> [Assignment] Nothing outside the lines below from the one containing "D20 Plus Accessories" through the one containing "Integrative Therapeutics K2" is to be printed; print those exactly, ends included, and drop the pictures.

> [Dataset content]

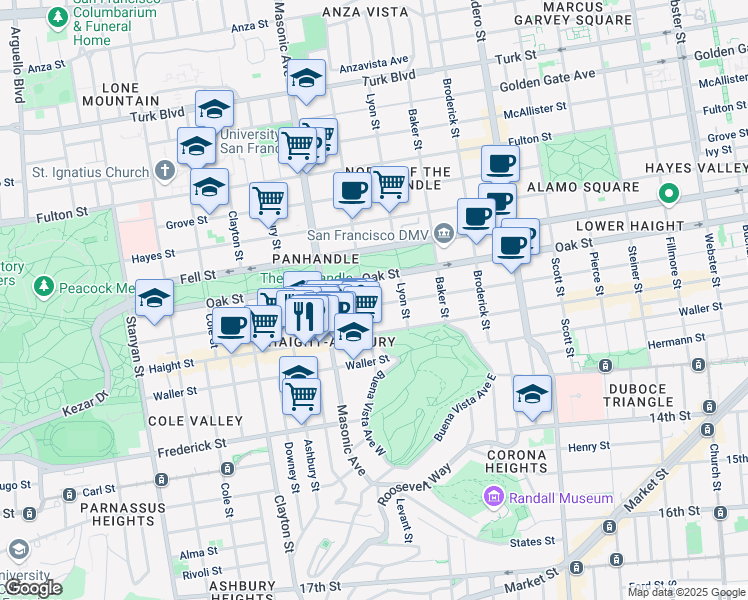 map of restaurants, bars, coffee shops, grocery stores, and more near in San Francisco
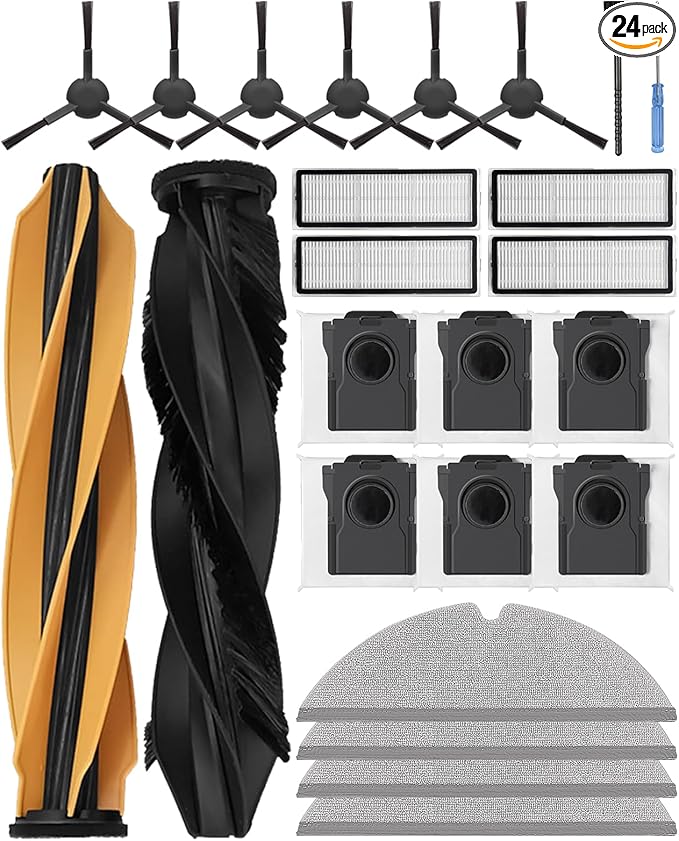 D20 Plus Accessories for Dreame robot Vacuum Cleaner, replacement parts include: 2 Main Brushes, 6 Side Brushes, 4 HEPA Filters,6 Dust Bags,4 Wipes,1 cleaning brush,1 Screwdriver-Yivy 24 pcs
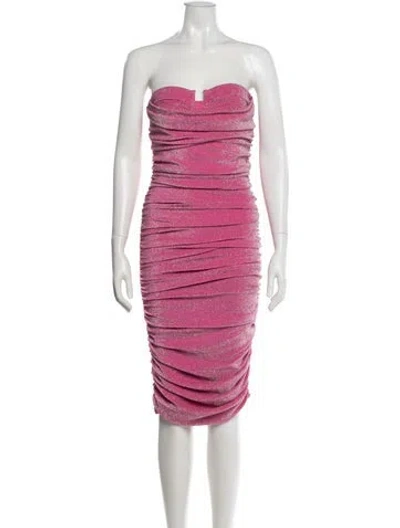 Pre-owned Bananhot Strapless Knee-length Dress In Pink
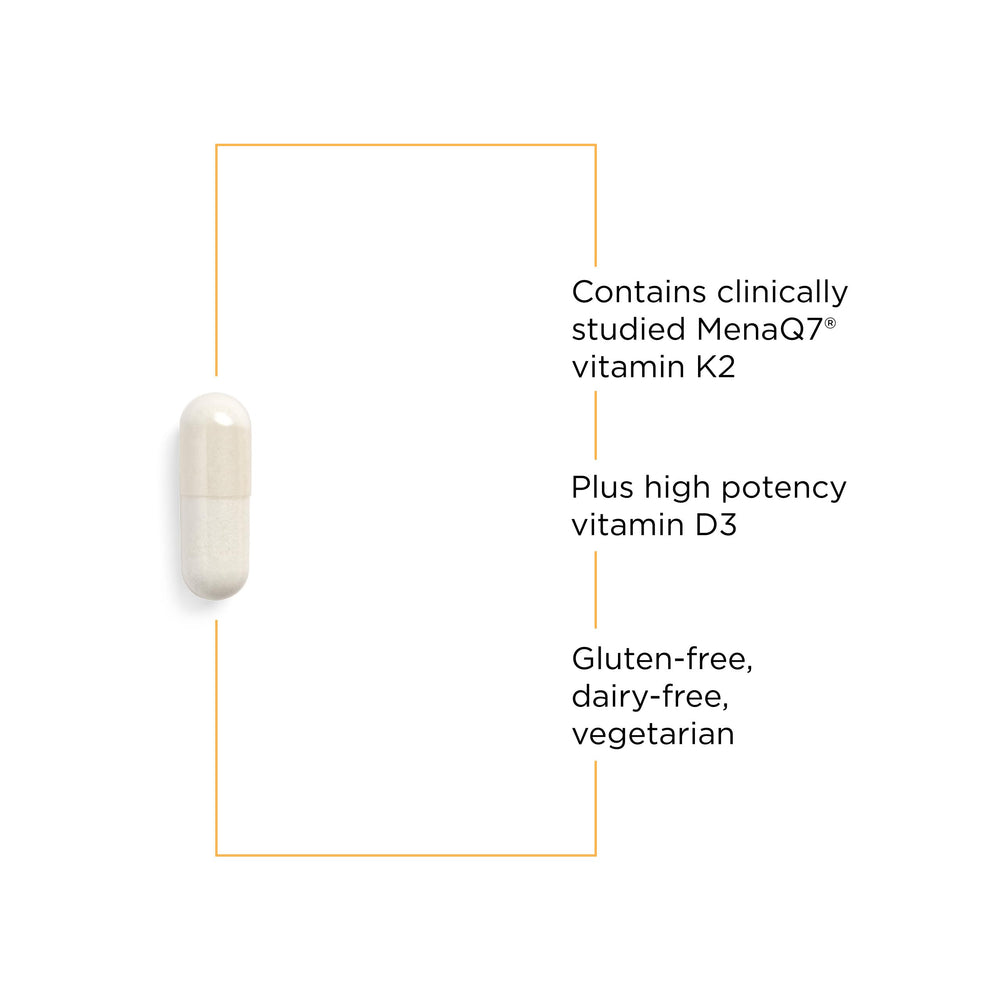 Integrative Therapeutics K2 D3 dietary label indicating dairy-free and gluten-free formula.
---
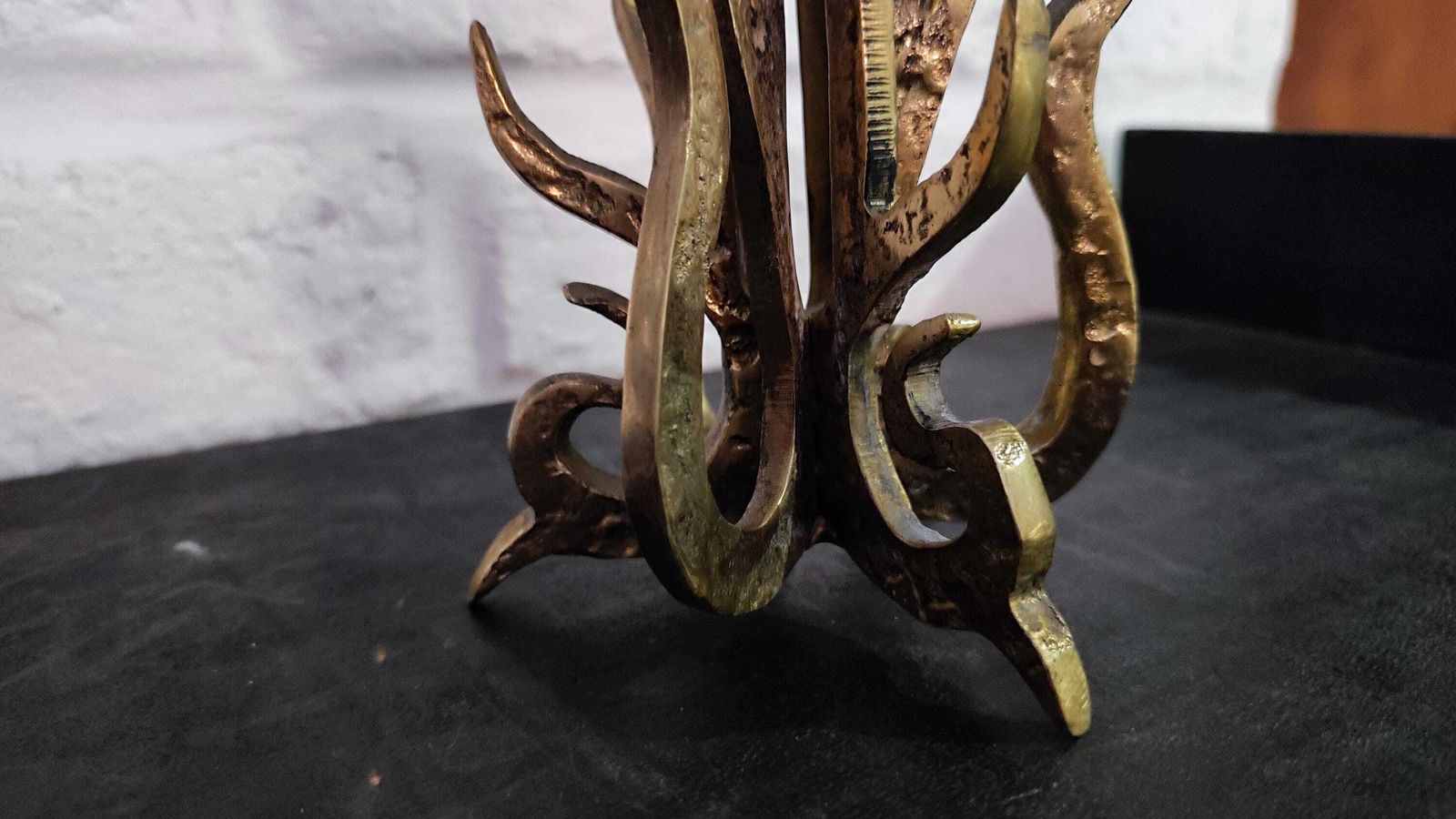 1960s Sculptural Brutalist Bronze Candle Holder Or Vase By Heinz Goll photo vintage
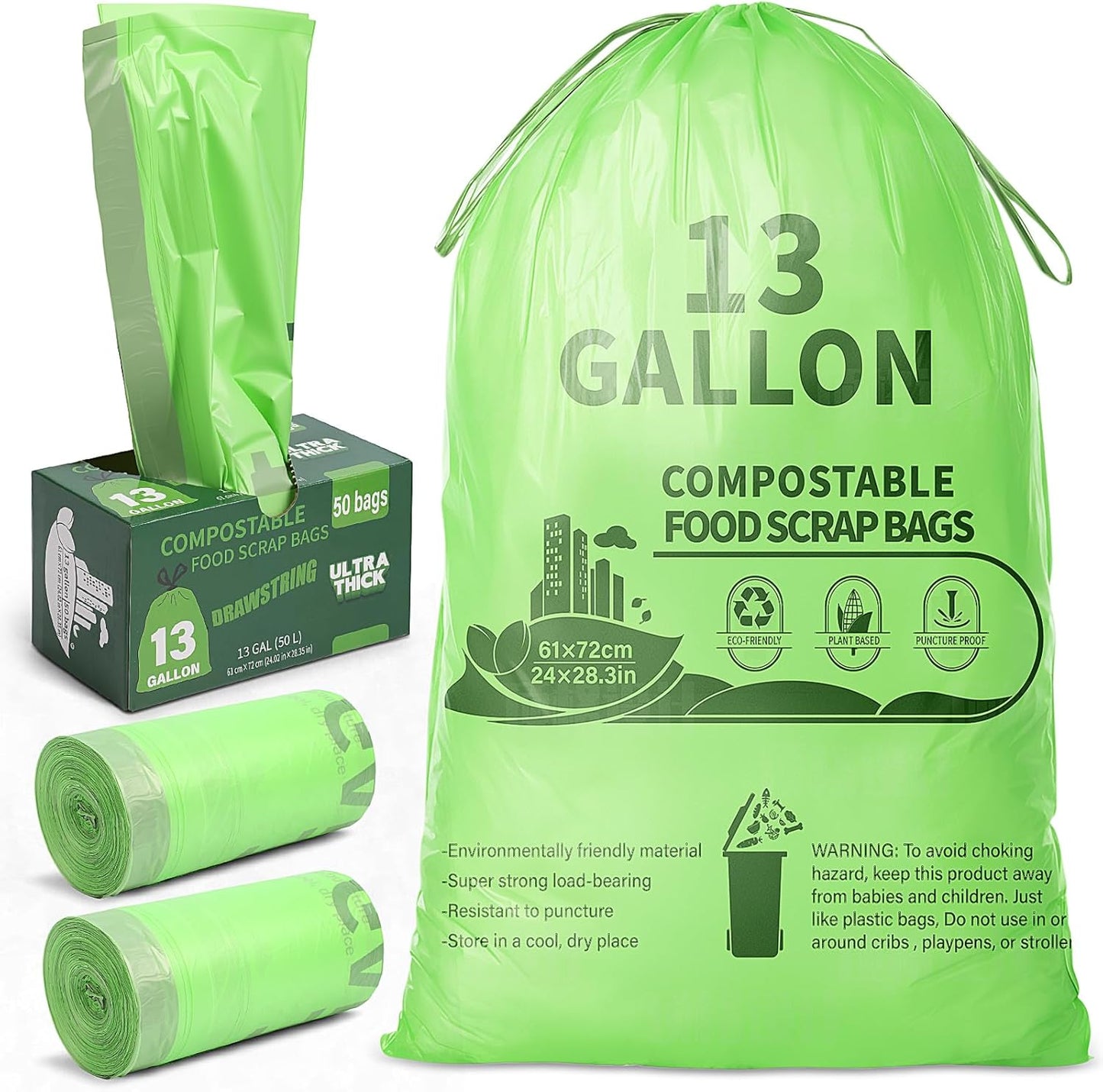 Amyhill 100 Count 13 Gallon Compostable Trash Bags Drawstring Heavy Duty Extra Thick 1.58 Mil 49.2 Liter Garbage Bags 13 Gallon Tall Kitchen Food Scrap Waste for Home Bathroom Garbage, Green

> [Solution to this problem]
 D20 Plus Accessories for Dreame robot Vacuum Cleaner, replacement parts include: 2 Main Brushes, 6 Side Brushes, 4 HEPA Filters,6 Dust Bags,4 Wipes,1 cleaning brush,1 Screwdriver-Yivy 24 pcs
 Pre-owned Bananhot Strapless Knee-length Dress In Pink
 Integrative Therapeutics K2 D3 dietary label indicating dairy-free and gluten-free formula.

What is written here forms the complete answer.